Louis Bourgain

= Louis Bourgain =

Louis Jean Marie Bourgain, born on 10 September 1881 in Lanhélin (Ille-et-Vilaine) and died on 5 April 1970 in the same town, was a French Vice-Admiral and Prefect of Vienne. A collaborator during the Occupation, he was suspended from his duties and sentenced to imprisonment and national indignity for life at the Liberation before ultimately being pardoned.

== Pre War ==
Louis Bourgain was born on 10 September 1881 in Lanhélin (Ille-et-Vilaine). His parents were François Bourgain, a grocer, and Adelle Alaire. After studying law, he became a naval supply officer and later a commissioner. In 1911, he served as a first-class commissioner aboard the battleship Voltaire. Stationed in Brest, he was promoted to principal commissioner in 1918. By 1921, he was an administrator aboard the cruiser Waldeck-Rousseau, which took part in evacuating survivors of the Democratic Republic of Georgia’s forces during the Soviet invasion in February–March 1921.

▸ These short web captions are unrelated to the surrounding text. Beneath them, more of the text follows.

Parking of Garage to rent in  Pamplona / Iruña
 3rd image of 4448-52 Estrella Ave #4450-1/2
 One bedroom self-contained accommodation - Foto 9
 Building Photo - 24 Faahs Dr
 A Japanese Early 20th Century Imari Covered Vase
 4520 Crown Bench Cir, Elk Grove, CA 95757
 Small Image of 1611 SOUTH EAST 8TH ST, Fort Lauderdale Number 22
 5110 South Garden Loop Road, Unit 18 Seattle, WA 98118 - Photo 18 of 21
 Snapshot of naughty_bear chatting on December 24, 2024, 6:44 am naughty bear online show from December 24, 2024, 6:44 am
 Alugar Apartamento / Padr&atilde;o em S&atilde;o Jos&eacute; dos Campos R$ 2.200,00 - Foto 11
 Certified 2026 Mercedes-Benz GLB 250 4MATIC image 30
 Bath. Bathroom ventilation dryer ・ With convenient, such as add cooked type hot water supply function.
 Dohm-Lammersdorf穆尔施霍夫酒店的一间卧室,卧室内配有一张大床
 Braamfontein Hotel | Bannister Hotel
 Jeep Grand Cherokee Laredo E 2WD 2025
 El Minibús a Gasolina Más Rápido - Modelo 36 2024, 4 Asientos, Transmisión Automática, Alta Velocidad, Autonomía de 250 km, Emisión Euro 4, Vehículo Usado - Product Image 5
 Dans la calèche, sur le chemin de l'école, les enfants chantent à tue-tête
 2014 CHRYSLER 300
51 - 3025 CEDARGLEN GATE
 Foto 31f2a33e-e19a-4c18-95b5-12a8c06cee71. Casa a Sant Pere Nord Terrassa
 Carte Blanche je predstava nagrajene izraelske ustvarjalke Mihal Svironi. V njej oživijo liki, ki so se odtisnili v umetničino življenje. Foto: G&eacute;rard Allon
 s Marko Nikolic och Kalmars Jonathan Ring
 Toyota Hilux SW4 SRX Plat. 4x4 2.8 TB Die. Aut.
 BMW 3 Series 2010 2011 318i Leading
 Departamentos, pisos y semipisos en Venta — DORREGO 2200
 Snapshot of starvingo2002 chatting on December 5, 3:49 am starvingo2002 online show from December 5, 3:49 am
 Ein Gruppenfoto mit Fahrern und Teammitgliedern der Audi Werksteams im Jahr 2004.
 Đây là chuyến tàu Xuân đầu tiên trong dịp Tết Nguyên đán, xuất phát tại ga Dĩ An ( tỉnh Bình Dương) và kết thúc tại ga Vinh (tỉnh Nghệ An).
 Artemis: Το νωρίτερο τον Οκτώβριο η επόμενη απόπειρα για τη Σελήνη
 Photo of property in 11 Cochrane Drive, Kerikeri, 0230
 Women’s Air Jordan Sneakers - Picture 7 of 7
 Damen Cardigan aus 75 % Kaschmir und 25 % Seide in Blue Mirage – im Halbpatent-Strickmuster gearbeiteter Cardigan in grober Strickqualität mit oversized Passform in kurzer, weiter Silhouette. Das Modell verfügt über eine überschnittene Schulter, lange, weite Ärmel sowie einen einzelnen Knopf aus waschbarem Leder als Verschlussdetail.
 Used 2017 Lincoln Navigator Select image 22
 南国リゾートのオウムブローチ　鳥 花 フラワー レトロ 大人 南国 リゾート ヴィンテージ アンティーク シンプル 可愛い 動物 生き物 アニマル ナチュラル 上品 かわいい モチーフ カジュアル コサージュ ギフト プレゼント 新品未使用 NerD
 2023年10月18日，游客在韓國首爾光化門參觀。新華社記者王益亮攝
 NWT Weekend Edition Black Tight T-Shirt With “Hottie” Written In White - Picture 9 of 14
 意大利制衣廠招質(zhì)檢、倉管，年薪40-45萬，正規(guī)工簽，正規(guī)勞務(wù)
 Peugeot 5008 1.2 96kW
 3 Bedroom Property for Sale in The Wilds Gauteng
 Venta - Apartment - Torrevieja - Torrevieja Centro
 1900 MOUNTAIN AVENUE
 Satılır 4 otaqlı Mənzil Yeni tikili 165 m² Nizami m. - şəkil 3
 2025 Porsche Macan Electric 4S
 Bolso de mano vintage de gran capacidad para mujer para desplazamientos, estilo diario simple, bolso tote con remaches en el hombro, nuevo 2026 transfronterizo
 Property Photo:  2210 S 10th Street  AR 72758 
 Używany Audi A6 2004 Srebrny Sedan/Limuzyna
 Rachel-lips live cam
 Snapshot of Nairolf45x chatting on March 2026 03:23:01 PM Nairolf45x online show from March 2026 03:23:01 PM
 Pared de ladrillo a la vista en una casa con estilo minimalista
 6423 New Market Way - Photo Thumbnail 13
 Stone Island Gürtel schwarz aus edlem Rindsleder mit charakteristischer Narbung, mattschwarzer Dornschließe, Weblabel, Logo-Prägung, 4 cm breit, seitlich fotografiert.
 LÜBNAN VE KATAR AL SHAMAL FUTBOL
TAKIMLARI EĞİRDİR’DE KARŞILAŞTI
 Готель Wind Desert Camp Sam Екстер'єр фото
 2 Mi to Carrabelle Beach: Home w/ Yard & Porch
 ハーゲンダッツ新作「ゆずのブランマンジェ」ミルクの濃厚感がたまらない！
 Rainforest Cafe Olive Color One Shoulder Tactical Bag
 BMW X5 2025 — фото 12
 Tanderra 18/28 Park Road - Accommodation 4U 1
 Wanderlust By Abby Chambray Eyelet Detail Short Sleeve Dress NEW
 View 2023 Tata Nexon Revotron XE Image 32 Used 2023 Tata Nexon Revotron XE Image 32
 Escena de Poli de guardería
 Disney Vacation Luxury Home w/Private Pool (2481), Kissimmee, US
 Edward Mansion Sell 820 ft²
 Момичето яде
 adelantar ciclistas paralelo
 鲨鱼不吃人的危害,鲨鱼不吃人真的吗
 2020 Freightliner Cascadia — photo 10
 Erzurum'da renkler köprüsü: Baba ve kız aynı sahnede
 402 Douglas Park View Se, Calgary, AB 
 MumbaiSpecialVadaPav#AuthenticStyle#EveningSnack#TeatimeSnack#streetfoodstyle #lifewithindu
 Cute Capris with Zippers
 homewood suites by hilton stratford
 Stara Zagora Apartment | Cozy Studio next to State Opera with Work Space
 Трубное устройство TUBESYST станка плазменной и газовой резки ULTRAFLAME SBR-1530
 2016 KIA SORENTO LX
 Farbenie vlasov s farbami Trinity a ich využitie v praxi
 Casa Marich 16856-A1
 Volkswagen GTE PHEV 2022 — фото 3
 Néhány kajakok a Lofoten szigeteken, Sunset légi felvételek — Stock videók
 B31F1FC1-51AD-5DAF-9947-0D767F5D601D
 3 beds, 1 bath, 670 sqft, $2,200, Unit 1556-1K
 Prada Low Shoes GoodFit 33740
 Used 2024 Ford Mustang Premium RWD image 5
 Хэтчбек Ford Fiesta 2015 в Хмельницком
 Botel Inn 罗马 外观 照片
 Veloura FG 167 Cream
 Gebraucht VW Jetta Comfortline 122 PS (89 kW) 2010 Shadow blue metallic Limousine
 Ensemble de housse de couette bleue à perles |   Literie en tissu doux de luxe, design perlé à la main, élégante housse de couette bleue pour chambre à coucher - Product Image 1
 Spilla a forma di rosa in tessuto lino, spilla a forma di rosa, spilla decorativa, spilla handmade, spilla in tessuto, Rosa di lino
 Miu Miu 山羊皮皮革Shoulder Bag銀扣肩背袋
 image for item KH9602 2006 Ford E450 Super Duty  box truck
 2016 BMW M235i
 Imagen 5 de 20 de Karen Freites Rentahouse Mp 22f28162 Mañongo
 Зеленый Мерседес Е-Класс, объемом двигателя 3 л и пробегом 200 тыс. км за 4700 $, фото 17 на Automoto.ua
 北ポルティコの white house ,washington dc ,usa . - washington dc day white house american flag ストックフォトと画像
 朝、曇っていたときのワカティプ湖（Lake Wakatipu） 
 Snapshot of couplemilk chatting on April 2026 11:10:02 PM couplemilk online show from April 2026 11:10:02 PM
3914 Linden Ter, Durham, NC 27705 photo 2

== World War II: Collaboration ==
Since 1 January 1937, Bourgain had been a general commissioner and director of naval logistics in Brest. On 24 September 1940, following the imprisonment of Marcel Traub, he was assigned administrative responsibilities as Maritime Prefect of Brest by the Minister of the Marine François Darlan.

After the Germans invaded the Brest Arsenal, Bourgain became a regional prefect and was later appointed prefect of the region and Prefect of Vienne under the Darlan regime.

A proponent of the National Revolution and collaborator, Bourgain pursued resisters to the STO, resistance fighters, and Jewish people. He was held responsible for the arrest and imprisonment of members of the Louis Renard resistance network in 1943. He also ordered the large roundup of 31 January 1944, in which 481 Jews were arrested and transferred to the Drancy camp.

== Conviction ==
Bourgain was suspended from his duties on 17 November 1944 and sentenced to eight years in prison at the Liberation. He was also sentenced to national indignity for life and had his property confiscated. His appeal was denied. He was interned at the prison in Fontevraud (Maine-et-Loire). In 1946, the value of his confiscated property was reduced to 100,000 francs. He was released in 1947 and pardoned in 1952.

He returned in 1947 to his village of Lanhelin (Brittany) and died there in 1970.

== Family ==
He married Berthe Louise Marie Albert in Tours (Indre-et-Loire) on 20 January 1908. They had two daughters: Odile (born 3 January 1919) and Mireille (born 3 September 1924).